Grafik des Landes NRW zu privaten Feiern

Private Feste aus herausragenden Anlass (z.B. Hochzeitsfeier, Geburtstag, Taufe, Jubiläum, etc.), die außerhalb der Wohnung und mit mehr als 50 Teilnehmern stattfinden sollen, müssen 3 Tage vorher beim Ordnungsamt angezeigt werden. Weiterhin dürfen nicht mehr als 150 Personen an solchen Festen teilnehmen. Die Teilnehmerliste muss im Sinne der einfachen Rückverfolgbarkeit (§ 2a Absatz 1 CoronaSchVO) vor Ort aufgestellt und während der Veranstaltung aktualisiert werden. Die Anzeige kann per Mail an: ordnungsabteilung(at)stadt-witten.de oder per Post erfolgen.

  • Die Anzeige muss folgende Daten enthalten:
  • verantwortliche Person (Name, Vorname)
  • Anschrift (verantwortliche Person)
  • Telefonnummer (verantwortliche Person)
  • Ort der Veranstaltung
  • Art der Veranstaltung
  • Datum und Uhrzeit der Veranstaltung
  • Teilnehmerzahl

Der Gesetzgeber hat die Städte verpflichtet, die Einhaltung dieser Vorgaben zu überwachen und Verstöße konsequent zu ahnden. Verstöße gegen die Anzeigepflicht oder der Pflicht zur Führung einer Teilnehmerliste werden mit einem Bußgeld von 500,00 Euro geahndet. Sollten solche Feste ohne herausragenden Anlass und mit mehr als 150 Personen durchgeführt werden, wird ein Bußgeld in der Höhe von 500 Euro bis 2.500,00 Euro erhoben.Die Teilnahme an einem solchen Fest mit mehr als 150 Personen wird mit einem Bußgeld in Höhe von 250 Euro pro Person geahndet. Denn vor dem Hintergrund steigender Infektionszahlen und dem deutlich höheren Risiko in der kalten Jahreszeit, in der sich die Menschen wieder vermehrt in geschlossenen Räumen aufhalten, kann über einen laxen Umgang mit den Bestimmungen nicht einfach hinweg gesehen werden.
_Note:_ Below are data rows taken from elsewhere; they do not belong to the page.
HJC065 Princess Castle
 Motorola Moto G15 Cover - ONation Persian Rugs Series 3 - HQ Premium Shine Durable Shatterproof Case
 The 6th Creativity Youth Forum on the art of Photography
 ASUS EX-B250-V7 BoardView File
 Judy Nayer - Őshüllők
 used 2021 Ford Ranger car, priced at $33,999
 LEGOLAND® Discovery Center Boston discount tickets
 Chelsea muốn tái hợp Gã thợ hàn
Auch im Hinblick auf die kommende Reisewelle in den Herbstferien appelliert das Ordnungsamt an die Vernunft und das Verantwortungsbewußtsein der Bürgerinnen und Bürger. Es kann gar nicht deutlich genug davor gewarnt werden, die Bestimmungen der Corona-Schutzverordnung auf die leichte Schulter zu nehmen. Reisende sollten bereits an ihrem Urlaubsort große Vorsicht walten lassen und sich auch nach ihrer Rückkehr besonders verantwortungsvoll verhalten.